Automated Phenotyping and Spatial Data Analysis in Production Greenhouses

In modern precision agronomy, Crop Registration remains the industry standard for monitoring plant health. However, traditional manual sampling is typically limited to a representative subset (<0.1% of total population). This heuristic approach is inherently prone to sampling bias and fails to capture the high-degree spatial variability of greenhouse microclimates.

The FRAVEBOT platform shifts the paradigm from sampling to census-scale data acquisition. Our objective is to generate a continuous, high-resolution biometric time-series for every individual plant within the facility.

1. Mechanical Stability and Data Acquisition

The fidelity of digital measurements taken in motion is directly correlated to the mitigation of mechanical vibrations.

• Chassis Dynamics: The platform weighs 230 kg with a center of gravity situated 15 cm above the rail level.
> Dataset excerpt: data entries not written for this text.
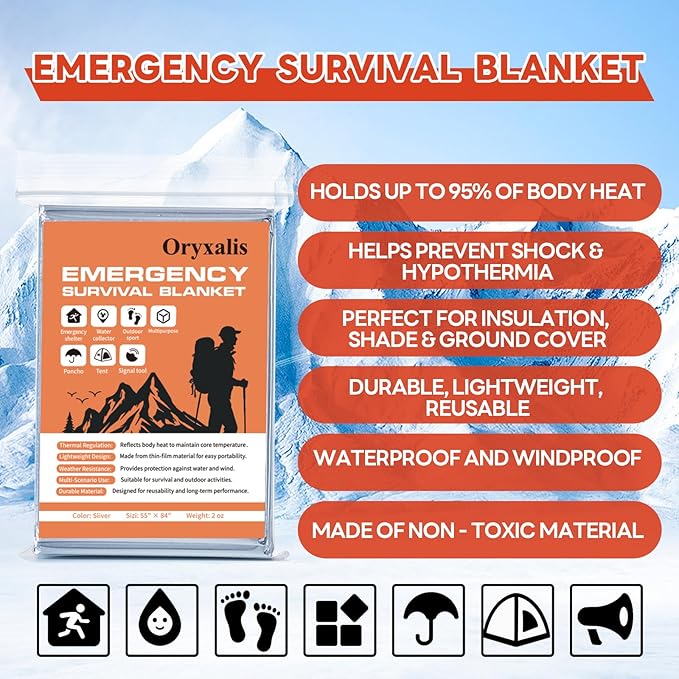 Emergency Mylar Thermal Blankets,Silver Foil Blanket Kit.Camping Heat Space Blankets for Survival,Perfect for Body Warmer in Hiking,Outdoor Traveling, First Aid (4 Pack)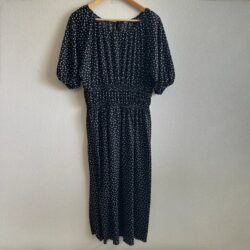 ZARA Black White Polka Dot Tiered Short Sleeve Maxi Dress Womens Large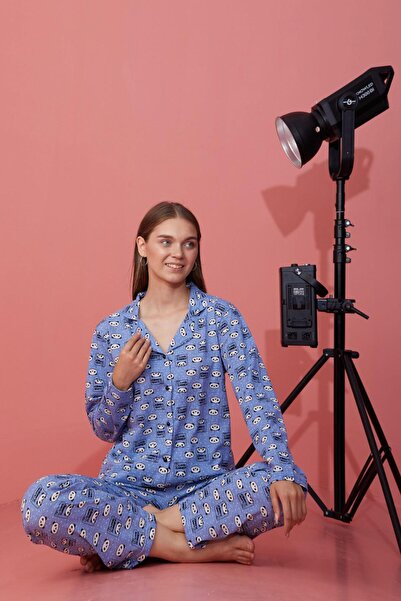 Genel Markalar Panda Desenli Düğmeli Mavi Pijama Takımı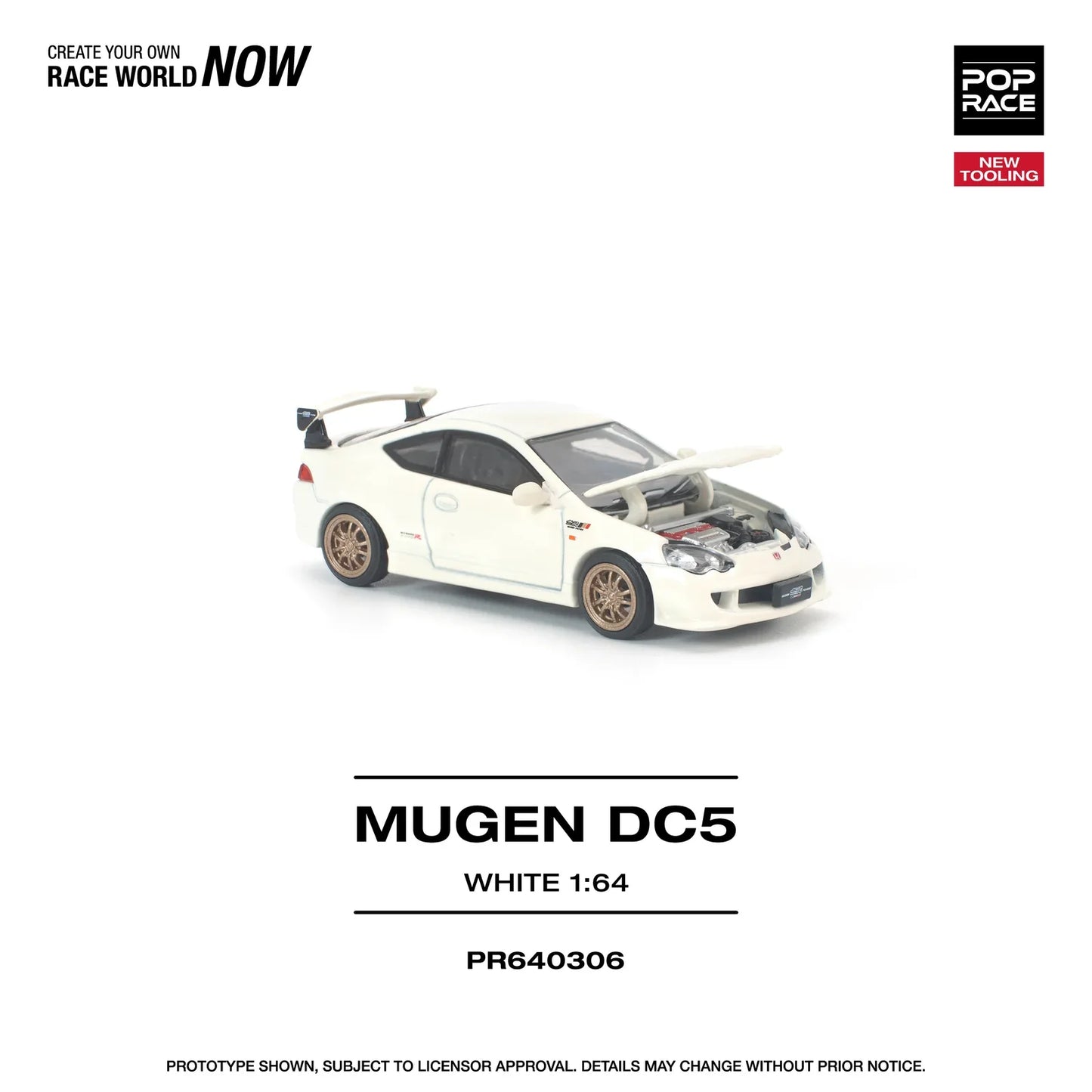 POPRACE Honda DC5 Mugen New Tooling White 1:64 Scale Diecast Model (Pre-Order)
This high-inertia, low-CoG configuration minimizes oscillations in the roll and pitch axes, ensuring image sharpness at linear velocities of up to 2 m/s.

• Sensor Configuration: We utilize an array of 10 fixed camera modules per side with vertical overlap. This multi-tier redundancy enables the reconstruction of the full vertical plant profile without the need for active mechanical positioning of the sensors, significantly increasing the system's MTBF (Mean Time Between Failures).

  
  

2. Localization and "Time-Scale Analysis"

Validating biometric changes over time—such as daily delta in apex thickness—requires absolute spatial consistency.

1. Sensor Fusion: We integrate RTK-GNSS (centimeter-level global accuracy) with high-speed incremental wheel encoders (millimeter-level local resolution).

2. World Frame Alignment: Measurements are anchored to a fixed coordinate system of the greenhouse. This allows for Time-Scale Analysis: the precise comparison of the same biological subject across different time windows by eliminating spatial drift.

3. Data Management and Edge Architecture

High-resolution acquisition across 20 cameras generates a massive data flow of up to 18 TB per 24 hours.

• On-board Computing: The NVIDIA DGX Spark performs primary image analysis and sequence compression directly on the platform to reduce the transmission payload.

• 60GHz Wireless Backbone: Data transfer to the central greenhouse hub is handled via 60GHz peer-to-peer units (MikroTik). This provides near-fiber throughput, bypassing the congestion common in 2.4/5GHz industrial environments.

4. Current Biometric Metrics (Vegetative)

The system currently validates and exports the following parameters for tomato, pepper, and cucumber crops:

• Apex Thickness: Diameter of the stem in the terminal section (a critical indicator of the vegetative/generative balance).

• Internodal Lengths: Distance between nodes to analyze growth dynamics and vigor.

• Height Profile: Continuous vertical growth tracking across the entire facility.

5. Generative Metrics: Flower Counting and Classification

The next phase of our deployment focuses on Generative Performance. We are implementing automated bloom detection to track the reproductive potential of the crop:

• Automated Counting: Identifying every flower cluster (truss) and individual bloom across the entire greenhouse.

• Phenological Classification: Classifying flowers based on their developmental stage (e.g., bud, anthesis/full bloom, post-anthesis/wilting).

• Pollination Success Tracking: By monitoring the transition from flower to fruit set, we provide growers with real-time data on pollination efficiency and potential fruit load.

6. R&D Roadmap: Predicting LAI using NeRF

Measuring the Leaf Area Index (LAI) in high-density environments is complex due to extreme occlusion. Our 2026 roadmap involves a predictive LAI model:

• 3D Volumetric Reconstruction: We utilize NeRF (Neural Radiance Fields) to synthesize 3D scenes from stereo camera data, modeling complex foliage structures.

• Ground Truth Correlation: The model is trained to find correlations between the robot’s 3D volumetric data and "ground truth" data manually collected by human experts.

• Statistical Estimation: The system will provide a high-precision statistical estimate of total LAI based on the 3D plant architecture.

7. Agronomic Value and Yield Forecasting

The ultimate goal of census-scale monitoring is a Yield Forecast with a 6+ week horizon. By combining vegetative vigor (apex thickness) with generative data (flower classification), we enable:

• Local Anomaly Detection: Real-time identification of stress zones.

• Standardized Crop Registration: Replacing manual logs with automated, objective reports.

• Precision Logistics: Integrating flower-stage data into growth models allows for the most accurate harvest planning in the industry.